The fact is the pound in the 'abolished boom and bust' period of 2002-2007 was horrendously overvalued, as it was in the late 1990s under another media-hyped 'Cool Britannia' episode, when BMW threw the towel in at Rover Group, and likewise when the post-'Big Bang' deregulation on the London stock market and associated housing bubble centred on London saw sterling go to $2.40, and killed Sir John Egan's independent Jaguar Cars in the US.
Nothing changes in UK. The pound, driven by 'hot money' speculators, the colluding media hype of Britain perennially 'bouncing back' from its actual 100-year plus long economic decline, and the actual more pedestrian explanation of these 'recoveries' always resting on nothing more than a deliberately got-up, unsustainable housing bubble, to rinse Joe Average of all his savings.
The fact is, all those high points on your historical graph just show the pound at its most egregiously overvalued points, as opposed to its merely ridiculously overvalued point right now, of ~€1.25 and $1.70.
The fact is that the UK has two, entirely separately operating economies, one the usual economy that most developed economies have, based on adding value and its ancillary service activity, and then in the UK a dwarfing bubble economy, based on housing and the City of London. The first needs stability to thrive, the latter constant perturbation, from boom to bust and back, repeat ad infinitum.
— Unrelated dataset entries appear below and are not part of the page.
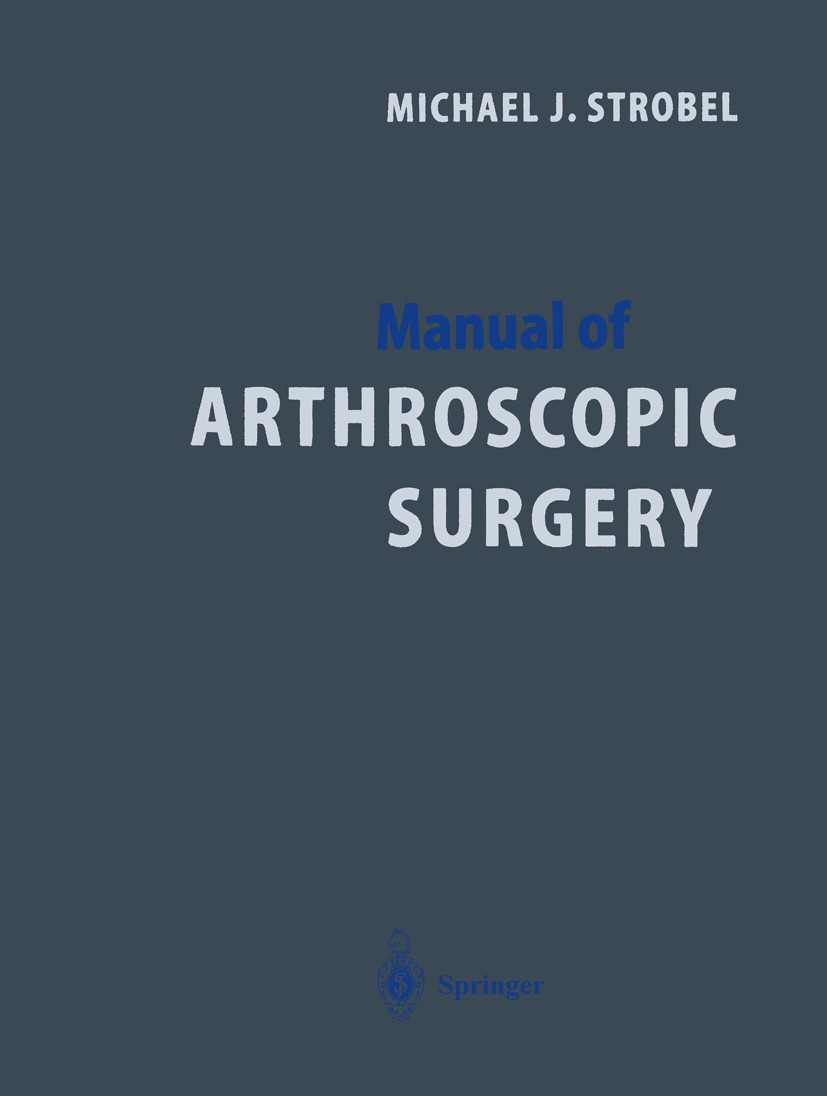 Titlebook: Manual of Arthroscopic Surgery; Michael J. Strobel Book 20021st edition Springer-Verlag Berlin Heidelberg 2002 Arthroscopic.ankle.arthrosc Titlebook: Manual of Arthroscopic Surgery; Michael J. Strobel Book 20021st edition Springer-Verlag Berlin Heidelberg 2002 Arthroscopic.ankle.arthrosc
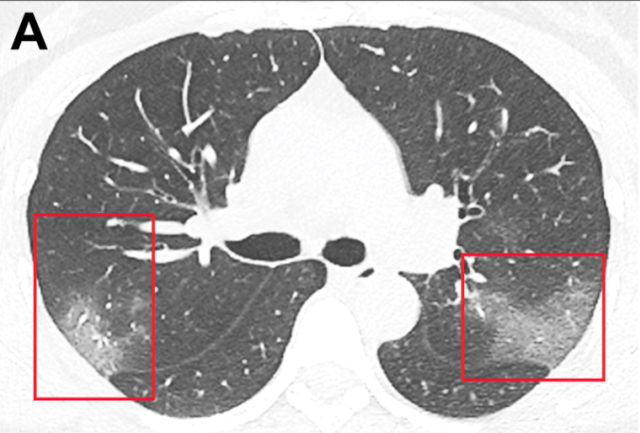 coronavirus_CT_imaging_RSNA_Radiology.jpg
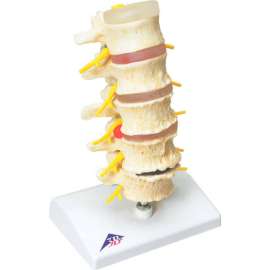 3B Anatomical Model - Vertebrae Degeneration, Stages of Prolapsed Disc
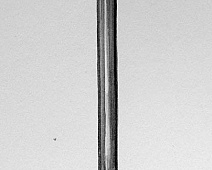 Photo of Walsh’s (stethoscope_drawing___mumie_080jpg)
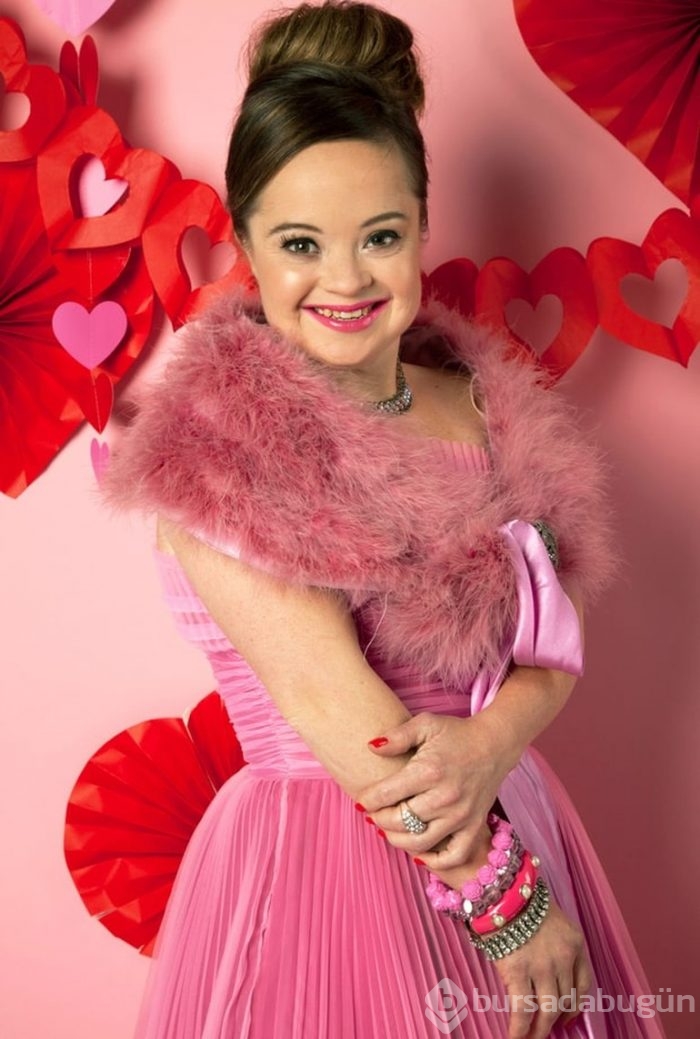 Dünyanın ilk Down sendromlu modeli Katie Meade
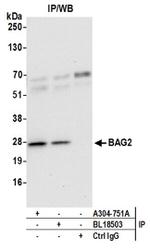 BAG2 Antibody in Western Blot (WB)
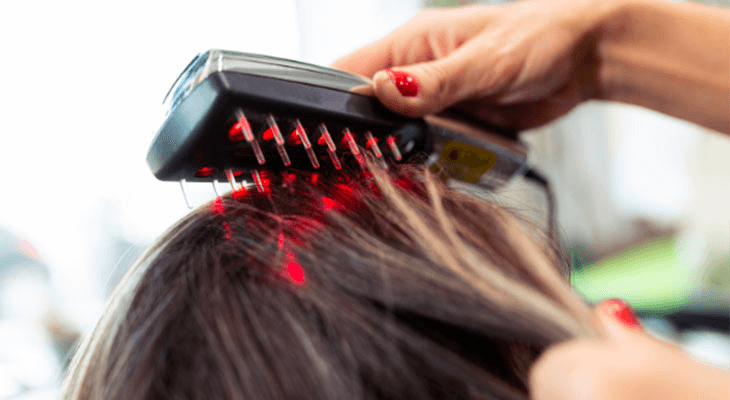 Red light therapy for hair loss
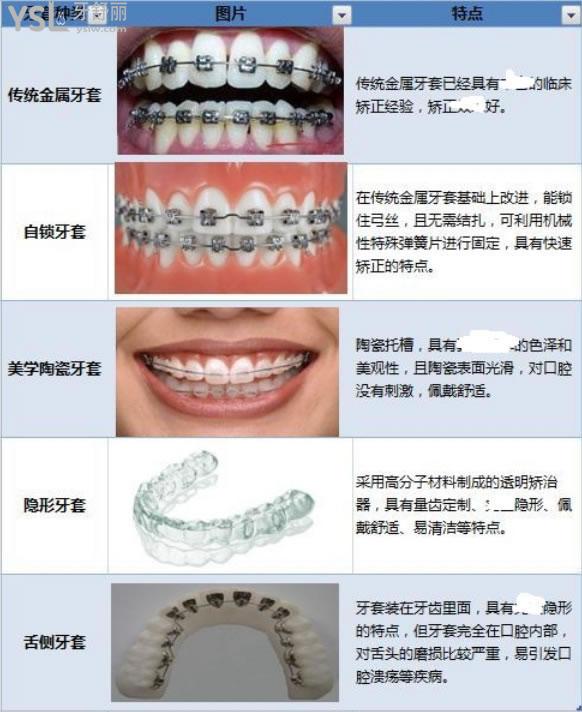 廣州增城做牙齒矯正大概費(fèi)用是多少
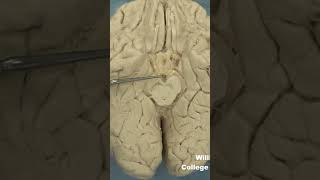 Posterior perforated substanceanatomy biology brainstemneuroanatomymidbrain [upl. by Ayomat]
The first, real economy needs a weaker currency, in the UK's case, as it has run a structural trade deficit, of now around £100bn/year in visibles, for decades.
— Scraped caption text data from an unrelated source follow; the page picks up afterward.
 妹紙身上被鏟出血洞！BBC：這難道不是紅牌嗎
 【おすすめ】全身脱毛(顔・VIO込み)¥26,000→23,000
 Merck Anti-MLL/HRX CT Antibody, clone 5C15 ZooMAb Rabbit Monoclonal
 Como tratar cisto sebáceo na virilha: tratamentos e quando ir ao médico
The second, bubble economy needs a rising currency to give windfall gains to overseas investors speculating on London's property bubble, who then see double gains, from the investment going up say 30% per annum in local currency, and again when converted back to rubles, yuan and dollars, for the Russian oligarchs, Chinese billionaires and so on.
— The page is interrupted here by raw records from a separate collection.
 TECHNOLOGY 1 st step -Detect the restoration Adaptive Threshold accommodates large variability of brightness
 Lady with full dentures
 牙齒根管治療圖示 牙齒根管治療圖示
The first, real economy needs sterling at or just below parity to the euro, and around $1.20, so roughly a 25% depreciation compared to today's value.
The second, bubble economy needs absolutely no upper limit to sterling's value, as it's all up-side to the non-domiciled, tax-avoiding off-shored speculators.
And that, this huge irreconcilable difference between the real and the bubble economy in the UK, ladies and gents, is why the UK is absolutely and utterly shagged, when it comes to being a place to have a real economy, and why manufacturers should and will up sticks and move to where they are appreciated, not just with lip service as Carney is trying to pretend today to the MPs, when he'll say the near opposite in his next Mansion House speech to his true stockholders, the bankers.